You had a some good scenes and a nice story, but overall this film didn't really connect with me. I think what put me off was the lack of dialogue and some of the scenes were a bit too drawn out for my liking (memorial, ageing). Having said that, I was very impressed my the war shots (miniatures and gas mask). I also liked how you made it into a ballroom dance film, instead of going down the usual contemporary dance route. I'd be interested to see what you can do with a different genre (I would have hated to have got Musical/Dance myself). Oh, and great costumes!

This was a powerful and beautiful film. I was immediately struck by how superb either the lighting or the color-grading (or both!) were during the beginning scenes. It wasn't very clear what was going on until the war scene, but the story moved along really well for how sparse the dialogue was. The "war" scene was really well done, with great effects (visual and aural). The music was really nice throughout and matched the various tones well. The black and white effect was very effective after the supposed death scene/sequence. The cinematography was superb throughout. Whoever was directing really knew what s/he was doing. It got really heavy/emotional during the repeated trips to the war monument, though it lightened up a bit at the end with the dancing and joy between the two people. I wasn't quite sure whether the guy was the same as in the beginning, or just had the same handkerchief or what. Things to work on: I almost feel like it was a little bit too emotionally-heavy, as the war and monuments and loss really hits close to home for Kiwis, especially with ANZAC day in such recent memory. That being said, I doubt that you were intentionally trying to emotionally manipulate the audience, it was just a heavy film for a good chunk of it, so please don't take offense. Other than that, it was superbly crafted start to finish.

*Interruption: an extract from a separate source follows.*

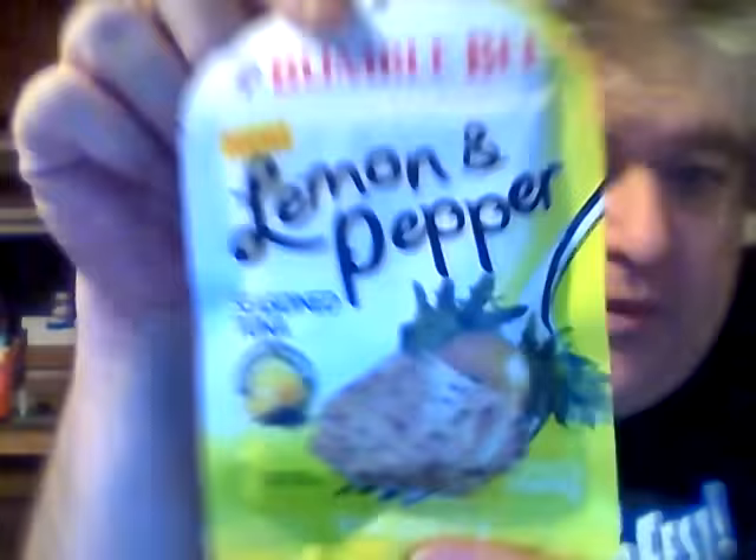This was one dollar from Walmart. It's two and a half ounces of fancy flavor infused tuna — and who doesn't like lemon pepper? Wow, it smells really good. You can smell the lemon in here. Let's try this out.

Rather than making a dance genre film per se, this team chose to use dance as an integral element in the story they wanted to tell. It’s wartime and there’s a community dance going on. Our protagonist is a wallflower, until a dashing young man asks her to dance. They clearly take a liking to one another, but all too quickly he’s heading off to fight in the war (some elements suggested WWI and some WWII, hard to tell). Anyway, her man is missing and presumed dead. She holds out hope for a long time, as demonstrated in an effective cinematic manner using the motif of successive hands offered for a dance. And as tends to happen over time, she eventually accepts her loss, and finds a way to move on. Actually the passing of time was a major feature of the film, with two or three separate sequences using a repeated action to demonstrate this. I liked the idea of the up at face, down to teacup, then up again to older face sequence, but it just took a little bit too long to make its point, and felt a bit too mechanical. But overall I really appreciated how the film used editing rather than dialogue for the most part to tell its story. The final scene at the war memorial was really sweet, pretty much exactly what I’m sure everyone was waiting for, but still the payoff was worth it. The direction there was perhaps a bit off in terms of performance, with the hug/kiss thing looking really awkward, where a lighter touch like just seeing the moment of recognition, maybe a smile, might have sold the emotion of the scene better. The final dancing shot was lovely, but outstayed its welcome length-wise; also, the actual final shot that followed it (walking away together) felt a bit superfluous, and broke the magic of the end dance (which should have been the final shot) for me. But I absolutely loved the use of the line; in fact, I would probably go so far as to say that it was my very favourite use of the line across the four heats that I saw. So yeah, well done guys, really nice piece.